Comments on: A question on MDX performance

By: Curt Monash

Curt Monash — Sat, 30 Jan 2010 06:11:40 +0000

Essbase actually does calculations erroneously?? Could you please say more about that? Thanks!

By: Steve J.

Steve J. — Fri, 29 Jan 2010 18:59:06 +0000

Reply to Paul Johnson – regarding preaggregation , you will find that an Essbase cube can be fully calc’d, but this can lead to DATA EXPLOSION and long calculation times. Optimization methods employed to reduce this phenomena can cause erroneous results when run against sparse asymmetrical dimensions , but otherwise I found Essbase to be a fantastic DataMart solution, and very intuitive since the gui bypasses the need to use MDX. Use a star or snowflake schema in a rdbms to feed your Essbase Cubes for best results.

By: Cubegeek

Cubegeek — Sat, 28 Nov 2009 09:49:10 +0000

I’ve worked with MSAS a bit and I’ve had engineers who worked for me tell me things that confirm my brief experiences as I got further from the technology.
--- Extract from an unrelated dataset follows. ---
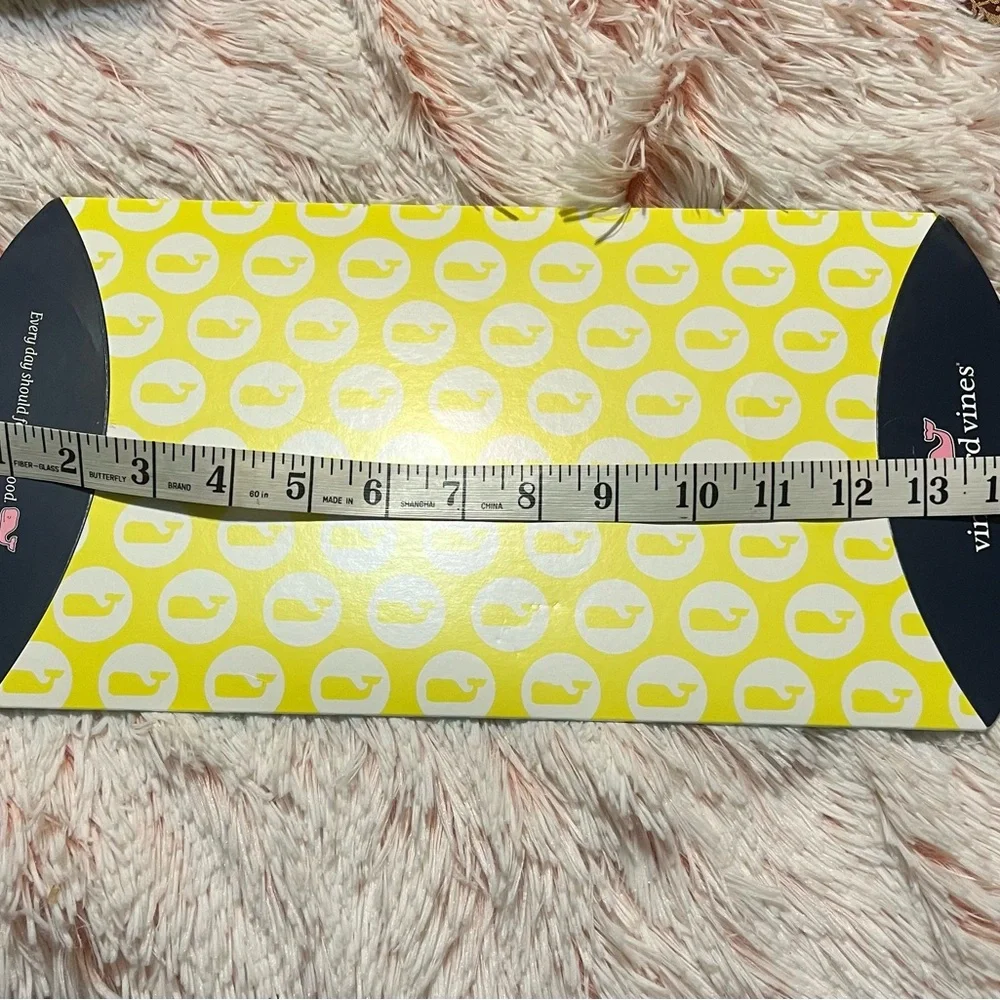 Vineyard Vines gift box. See photos for length. Yellow and green.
Most people who get up the rather steep curve for MDX admire it for its elegance and prefer it to SQL on that basis. Nevertheless the experience is that it is generally not worth it to learn the language if you have appreciable experience in SQL.

If you have become something of an expert in tuning databases in the generations of products before the Greenplum and Vertica days, say with Essbase, Microstrategy, Teradata, Oracle Express or Sybase ASE, then you will have some familiarity with arcane 4G languages and dialects of SQL without many cross-product similarities. MDX was the language destined to solve all that, a sort of OLAP Esperanto. Unfortunately, the number of programmers deciding to hack SQL to perform against this and that sort of schema tended to dominate the few cross-platform specialists. In the end, it is my opinion that the lack of a predominating visualization stack obviated the need for widespread MDX adoption. As fat visual programming OLAP clients matured, enterprise customers began demanding thin clients. As full featured stacks became available, developers wanted LAMP, and so on. Now we are met on a battlefield testing whether PHP and MySQL will long endure, with people like me wondering how they ever got started considering the maturity and performance of products like Sybase and Essbase.

My direct experience is that flatly, for applications of any sophistication, on MSAS, stored procedures with T-SQL always performed better than their functional equivalents in MDX. In their aborted product stack, Performance Point, Microsoft engineers created a middle language PEL(?) that would supposedly choose which language was best suited for a task and then generate that code. All jokes about code-generators aside, my engineers always had to second guess PEL and ended up writing it all in T-SQL. So as a practical matter, there was no sense in learning MDX if you had already mastered T-SQL on the platform for which MDX was specifically designed. It would have been nice if MDX performed with speed commensurate with its elegance, but it simply didn’t. This was two years ago.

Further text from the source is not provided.